O que é possível mostrar agora é que em momentos-chave, como o da adoção da contabilidade criativa de 2012, o esforço da área técnica do Tesouro para barrar novas operações em 2013 e a construção da fábrica de pedaladas de 2014, não faltaram avisos sobre os riscos que o país corria.

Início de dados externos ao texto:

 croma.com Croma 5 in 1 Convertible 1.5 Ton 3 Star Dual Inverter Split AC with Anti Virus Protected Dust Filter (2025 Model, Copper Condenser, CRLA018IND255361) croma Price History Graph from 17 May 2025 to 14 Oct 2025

Os pitosO encontro de Arno com os 19 coordenadores-gerais do Tesouro, os seis subsecretários e seus assessores mais próximos para discutir o documento elaborado pelos técnicos com os avisos ao governo é um dos momentos mais tensos dessa história.

A reunião foi marcada para a tarde de 22 de novembro de 2013, na sala do Conselho Monetário Nacional (CMN), que fica no sexto andar do prédio do Ministério da Fazenda. O clima era pesado e ninguém se lembra de haver cafezinho ou de ter bebido água durante a reunião, dois ingredientes que raramente faltam nas reuniões da burocracia em Brasília.

A pauta do encontro tinha cinco itens. O primeiro "ponto de preocupação" era "o risco de 'downgrade' e seus impactos". Os seguintes, a política fiscal e suas consequências; a imagem do Tesouro; e o aperfeiçoamento de processos internos. Por último, o "relacionamento interpessoal", uma forma educada de se referir às explosões pelas quais o secretário Arno Augustin era evitado por sua equipe.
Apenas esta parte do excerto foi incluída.